Well not quite a conversation. Siri did all the talking. The regular “ask til they throw their hands up in disgust” routine:
Siri, or something similar, would become the norm for interfacing with smart phones and in doing so it would define the future of local search (and everything else). Well it seems to have succeeded on the everything front but just not on the local search front. The Siri natural language interface is a metaphor for interaction that will supplant the need for typing and can provide a hands free way to interact with smaller devices when typing is dangerous (ie driving) or awkward (ie all the time).
It works incredibly well and as John Gruber noted: “I wouldn’t say I can’t live without Siri. But I can say that I don’t want to.” It is that good.
It is hands down the best way to speedily create and send text messages regardless of whether you are driving or sitting. It is the best way to get driving directions detailed on the iPhone Google Map app. It is the best way to search the web whether you want to use Google, Yahoo or Bing. In fact it even fixes what was so miserably wrong with voice search in the Google app.
Its ability to understand what you want and what you are saying is uncanny. Even with background noise. I am a convert and while I will most definitely use it while driving, it may very well become my preferred interface for many other things as well.
It truly is a harbinger of a new level of functionality for interacting with your phone (and any small device for that matter). I won’t leave home without it.
EXCEPT FOR LOCAL SEARCH.
Siri can either interact with other apps or it can answer some things directly. For example you can say “Text Aaron I will be late picking you up” at which points it interprets your instructions, performs a voice to text translation, double checks its accuracy with you, understands that you want to text and then sends the note via the iMessage app. With some data types it will just answer you inside of the Siri environment. That is the design for interaction with both Wolfram Alpha and Yelp.
Danny Sullivan noted yesterday that when searching for local businesses, Siri accurately provides a list from Yelp but then doesn’t allow you to call the location, look at reviews or even get more details. For whatever reason, Apple and Yelp have decided to limit the functionality of the local search in such a way so that it is essentially useless, forcing a user to a different data source for the information.
Having marvelled at Siri’s capability, it is easy to imagine saying to Siri – “make a reservation at the Ho-Ste-Geh restaurant for 2″, “read me the reviews for the Rennas” or even “Add the Robins Nest’s contact details to my address book”. But the local search capability, doesn’t do any of that.
There are alternatives for a user of Siri to get local information. You just need to use the web search functionality of Google, Bing or Yahoo (use one or all three) by saying “Look on the web for a nearby restaurant” or “Google breakfast restaurants”. On the plus side, it no longer takes that 6 touches that Google voice search required to make a hands free call. Now when doing a local recovery search on Google it takes just one touch after the voice interaction to complete the call. And Siri does such a significantly better job of getting the search right the first time than Google voice search ever did. You wonder where Siri has been hiding.

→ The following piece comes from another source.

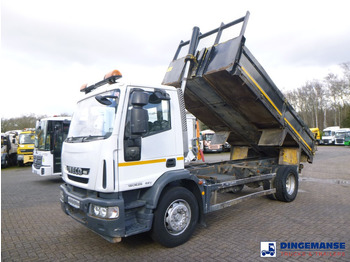 Tipvogn lastbil IVECO EuroCargo 180E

But in limiting the functionality of the built in local search functionality, Apple and Yelp are missing a chance to change user behaviors. In not changing user behaviors from the gitgo they may miss the opportunity to break the habit later on. Natural language voice search on the smartphone is a long game, and the 1 million iPhones so far sold are just a drop in the bucket of the market. The real game is yet to come.
There is every reason to believe, seeing what else Siri can do, that increased local search functionality will arrive. But regardless of whether this was Yelp’s choice or Apple’s, from where I sit, this is an opportunity lost to win a battle in a long war.